## YOUR ASSIGNMENT
Reproduce the records word for word, with nothing left out.

## RECORD EXTRACTS
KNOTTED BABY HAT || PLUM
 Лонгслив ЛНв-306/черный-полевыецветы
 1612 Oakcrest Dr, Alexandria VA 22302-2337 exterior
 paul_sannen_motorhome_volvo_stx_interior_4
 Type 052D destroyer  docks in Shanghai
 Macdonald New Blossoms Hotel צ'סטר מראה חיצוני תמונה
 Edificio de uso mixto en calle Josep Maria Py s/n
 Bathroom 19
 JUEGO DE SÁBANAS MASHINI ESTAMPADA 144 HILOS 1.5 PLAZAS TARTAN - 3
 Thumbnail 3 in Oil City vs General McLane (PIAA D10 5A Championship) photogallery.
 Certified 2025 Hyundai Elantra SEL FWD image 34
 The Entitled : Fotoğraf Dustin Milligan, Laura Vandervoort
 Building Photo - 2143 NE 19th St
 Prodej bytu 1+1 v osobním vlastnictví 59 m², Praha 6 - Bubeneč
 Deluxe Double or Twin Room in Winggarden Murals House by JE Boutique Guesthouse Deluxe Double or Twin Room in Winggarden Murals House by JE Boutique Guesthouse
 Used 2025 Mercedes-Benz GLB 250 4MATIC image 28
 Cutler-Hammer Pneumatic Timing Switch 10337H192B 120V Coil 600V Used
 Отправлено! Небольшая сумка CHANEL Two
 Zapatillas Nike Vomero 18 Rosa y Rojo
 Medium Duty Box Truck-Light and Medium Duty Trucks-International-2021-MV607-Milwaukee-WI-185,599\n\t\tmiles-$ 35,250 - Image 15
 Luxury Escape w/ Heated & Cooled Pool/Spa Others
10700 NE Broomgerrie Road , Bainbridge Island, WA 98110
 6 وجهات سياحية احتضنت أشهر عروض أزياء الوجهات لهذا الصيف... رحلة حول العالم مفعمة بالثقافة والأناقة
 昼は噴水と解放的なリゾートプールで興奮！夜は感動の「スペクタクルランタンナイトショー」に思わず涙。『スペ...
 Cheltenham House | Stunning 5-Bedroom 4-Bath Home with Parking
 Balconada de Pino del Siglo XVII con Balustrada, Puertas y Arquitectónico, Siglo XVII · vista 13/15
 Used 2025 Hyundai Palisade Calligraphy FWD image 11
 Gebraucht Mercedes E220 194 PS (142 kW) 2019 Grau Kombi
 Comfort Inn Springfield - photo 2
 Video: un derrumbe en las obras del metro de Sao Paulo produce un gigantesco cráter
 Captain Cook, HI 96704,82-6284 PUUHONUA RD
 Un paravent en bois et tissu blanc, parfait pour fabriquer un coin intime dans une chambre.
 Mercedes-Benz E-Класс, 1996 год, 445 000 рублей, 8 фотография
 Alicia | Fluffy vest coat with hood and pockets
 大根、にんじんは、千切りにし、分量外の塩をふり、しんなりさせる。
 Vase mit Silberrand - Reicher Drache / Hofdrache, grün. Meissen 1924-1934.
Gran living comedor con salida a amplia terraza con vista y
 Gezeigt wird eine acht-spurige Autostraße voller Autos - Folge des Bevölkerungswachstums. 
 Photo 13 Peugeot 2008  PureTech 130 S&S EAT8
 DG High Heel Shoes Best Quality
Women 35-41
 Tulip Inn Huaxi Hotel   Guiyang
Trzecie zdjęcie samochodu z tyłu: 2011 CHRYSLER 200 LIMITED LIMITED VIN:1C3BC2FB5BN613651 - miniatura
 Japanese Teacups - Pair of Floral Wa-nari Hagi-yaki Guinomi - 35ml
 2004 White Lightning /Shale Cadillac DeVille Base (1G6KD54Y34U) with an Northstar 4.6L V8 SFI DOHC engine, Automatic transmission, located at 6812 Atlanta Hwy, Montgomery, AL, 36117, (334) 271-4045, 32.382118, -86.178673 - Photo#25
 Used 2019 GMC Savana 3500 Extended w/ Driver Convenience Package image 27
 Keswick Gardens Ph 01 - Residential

## FINAL ANSWER
KNOTTED BABY HAT || PLUM
 Лонгслив ЛНв-306/черный-полевыецветы
 1612 Oakcrest Dr, Alexandria VA 22302-2337 exterior
 paul_sannen_motorhome_volvo_stx_interior_4
 Type 052D destroyer  docks in Shanghai
 Macdonald New Blossoms Hotel צ'סטר מראה חיצוני תמונה
 Edificio de uso mixto en calle Josep Maria Py s/n
 Bathroom 19
 JUEGO DE SÁBANAS MASHINI ESTAMPADA 144 HILOS 1.5 PLAZAS TARTAN - 3
 Thumbnail 3 in Oil City vs General McLane (PIAA D10 5A Championship) photogallery.
 Certified 2025 Hyundai Elantra SEL FWD image 34
 The Entitled : Fotoğraf Dustin Milligan, Laura Vandervoort
 Building Photo - 2143 NE 19th St
 Prodej bytu 1+1 v osobním vlastnictví 59 m², Praha 6 - Bubeneč
 Deluxe Double or Twin Room in Winggarden Murals House by JE Boutique Guesthouse Deluxe Double or Twin Room in Winggarden Murals House by JE Boutique Guesthouse
 Used 2025 Mercedes-Benz GLB 250 4MATIC image 28
 Cutler-Hammer Pneumatic Timing Switch 10337H192B 120V Coil 600V Used
 Отправлено! Небольшая сумка CHANEL Two
 Zapatillas Nike Vomero 18 Rosa y Rojo
 Medium Duty Box Truck-Light and Medium Duty Trucks-International-2021-MV607-Milwaukee-WI-185,599\n\t\tmiles-$ 35,250 - Image 15
 Luxury Escape w/ Heated & Cooled Pool/Spa Others
10700 NE Broomgerrie Road , Bainbridge Island, WA 98110
 6 وجهات سياحية احتضنت أشهر عروض أزياء الوجهات لهذا الصيف... رحلة حول العالم مفعمة بالثقافة والأناقة
 昼は噴水と解放的なリゾートプールで興奮！夜は感動の「スペクタクルランタンナイトショー」に思わず涙。『スペ...
 Cheltenham House | Stunning 5-Bedroom 4-Bath Home with Parking
 Balconada de Pino del Siglo XVII con Balustrada, Puertas y Arquitectónico, Siglo XVII · vista 13/15
 Used 2025 Hyundai Palisade Calligraphy FWD image 11
 Gebraucht Mercedes E220 194 PS (142 kW) 2019 Grau Kombi
 Comfort Inn Springfield - photo 2
 Video: un derrumbe en las obras del metro de Sao Paulo produce un gigantesco cráter
 Captain Cook, HI 96704,82-6284 PUUHONUA RD
 Un paravent en bois et tissu blanc, parfait pour fabriquer un coin intime dans une chambre.
 Mercedes-Benz E-Класс, 1996 год, 445 000 рублей, 8 фотография
 Alicia | Fluffy vest coat with hood and pockets
 大根、にんじんは、千切りにし、分量外の塩をふり、しんなりさせる。
 Vase mit Silberrand - Reicher Drache / Hofdrache, grün. Meissen 1924-1934.
Gran living comedor con salida a amplia terraza con vista y
 Gezeigt wird eine acht-spurige Autostraße voller Autos - Folge des Bevölkerungswachstums. 
 Photo 13 Peugeot 2008  PureTech 130 S&S EAT8
 DG High Heel Shoes Best Quality
Women 35-41
 Tulip Inn Huaxi Hotel   Guiyang
Trzecie zdjęcie samochodu z tyłu: 2011 CHRYSLER 200 LIMITED LIMITED VIN:1C3BC2FB5BN613651 - miniatura
 Japanese Teacups - Pair of Floral Wa-nari Hagi-yaki Guinomi - 35ml
 2004 White Lightning /Shale Cadillac DeVille Base (1G6KD54Y34U) with an Northstar 4.6L V8 SFI DOHC engine, Automatic transmission, located at 6812 Atlanta Hwy, Montgomery, AL, 36117, (334) 271-4045, 32.382118, -86.178673 - Photo#25
 Used 2019 GMC Savana 3500 Extended w/ Driver Convenience Package image 27
 Keswick Gardens Ph 01 - Residential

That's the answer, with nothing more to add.